Премудрые девы радостно встретили душу, кротко стояли они со свечами вкруг Царицы силы небесной.

— Мати печальная, пресвятая Богородица, сердце во мне унывает, не хочу я на землю! — наплаканны очи смотрели на родимую Матерь, слезно, скорбно, сердечно просили родимую Матерь.

— Странник прихожий, не плачь! — духом святым уряжая, взяла Богородица свечку, вложила свечку в сердце — в сердце, в кручинную душу, — терпи, скорби с любовью, милый мой странник!

И загорелась в сердце жаркая свечка.

Премудрые девы стояли со свечами, «Христос Воскрес!» запели, с крестом поклонились.


Бурным духом летела душа с превышних высот через святые небесные круги, через белые зори, через Втай-реку — заповедное от всего темного мира, с небесного царствия по Божьей стезе в темный мир на землицу сырую.

Жаркая свечка жарко теплилась в сердце.


— Странник прихожий, странник милый, брат мой несчастный, сестра моя горькая, будем жить полюбовно, согласно в этом несведомом мире на родимой сырой земле!

ПРЕКРАСНАЯ ПУСТЫНЯ{*}

Прекрасная пустыня, любимая моя мати, пришли тебя зажигать, со мной разлучают.

Я скажу тебе тайно, как люблю тебя, твою густыню, твои очи — твои очи, что озера, там от берега до берега зеленая волна волни́тся, и тихи и тайны́, что частыня.

А за то полюбил тебя и матерью назвал, что нашел в твоей дубраве защиту и милость и правду.

Безмолвная и непразднословна, смиренномудренная, терпелива!

Теперь ты огню предаешься, и я тобою покинут, ты горишь, — в которую страну посылаешь? — прекрасная пустыня, любимая моя мати.

Я бежал от суетного мира, от вражды, от непокоя, в тебя водворился, в тебе нашел правду и милость и защиту.

Тихость твоя безмолвная, палаты твои лесовольные, спасение мое, мудрость и благодать!

Теперь ты огню предаешься, и я уйти от тебя должен, ты горишь — в которую страну посылаешь? и где, на каком месте мне быть? — прекрасная пустыня, любимая моя мати.

Прости меня, прощаюсь с тобой, благослови меня одному свой век свековать!

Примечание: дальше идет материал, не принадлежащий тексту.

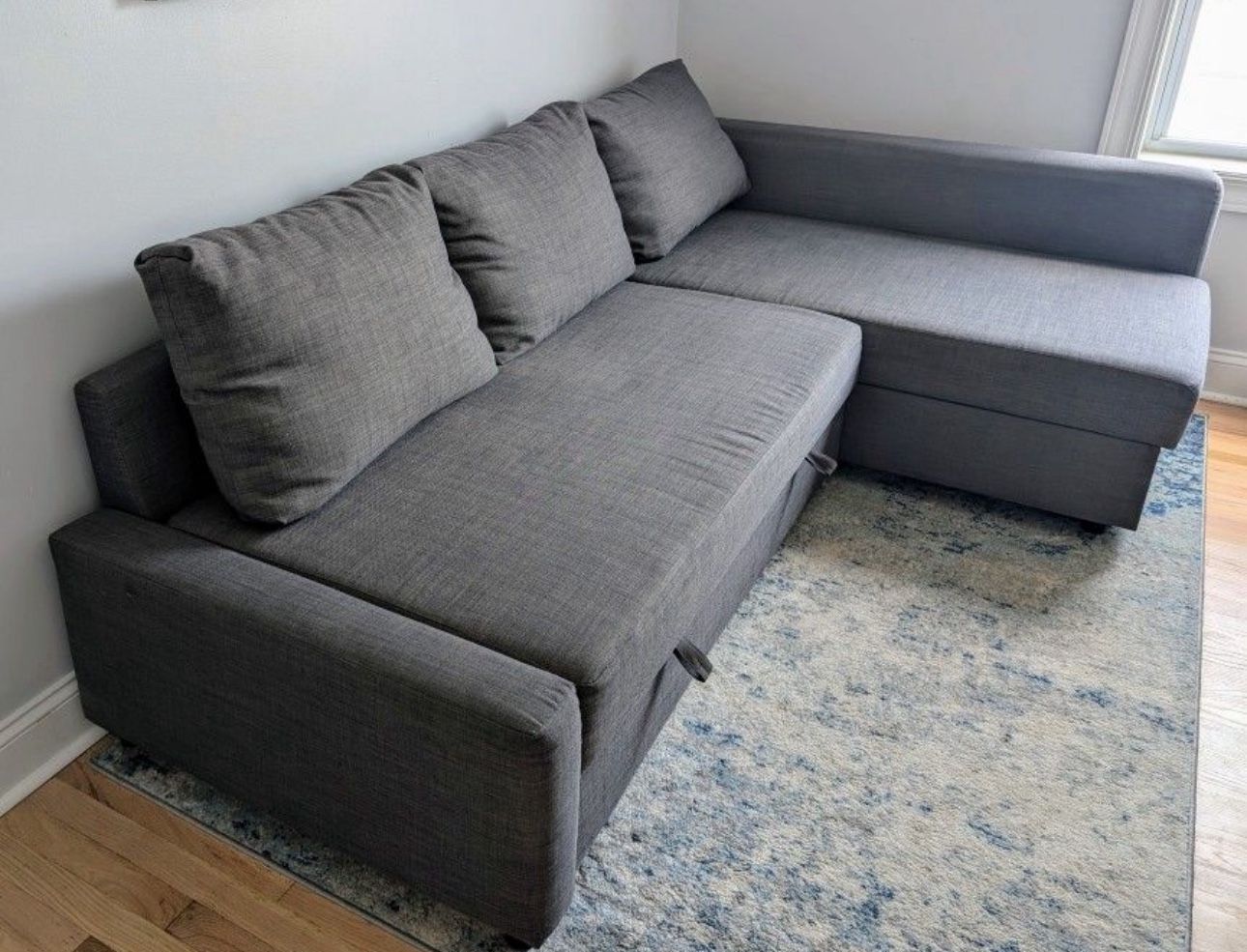 IKEA Gray Friheten Sectional Sofa Bed Couch - FREE DELIVERY 🚚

Не пойду я искать островов непроходимых, ни безлюдного, безмолвного места, ни земляную пещеру, благослови меня, мать пустыня, в мир вернуться, в мир — в суету мирскую.

Я взвихрю себе стрелами волосы, покрою плечи алым, как твои зори, алым платком, я пойду по большой дороге, я выйду на площадь, буду о тебе рассказывать, о твоей правде и милости и защите.

Будут надо мной смеяться, будут бить меня больно, промолчу, поклонюсь на побои, все перенесу, все претерплю ради правды твоей, прекрасная пустыня, любимая моя мати.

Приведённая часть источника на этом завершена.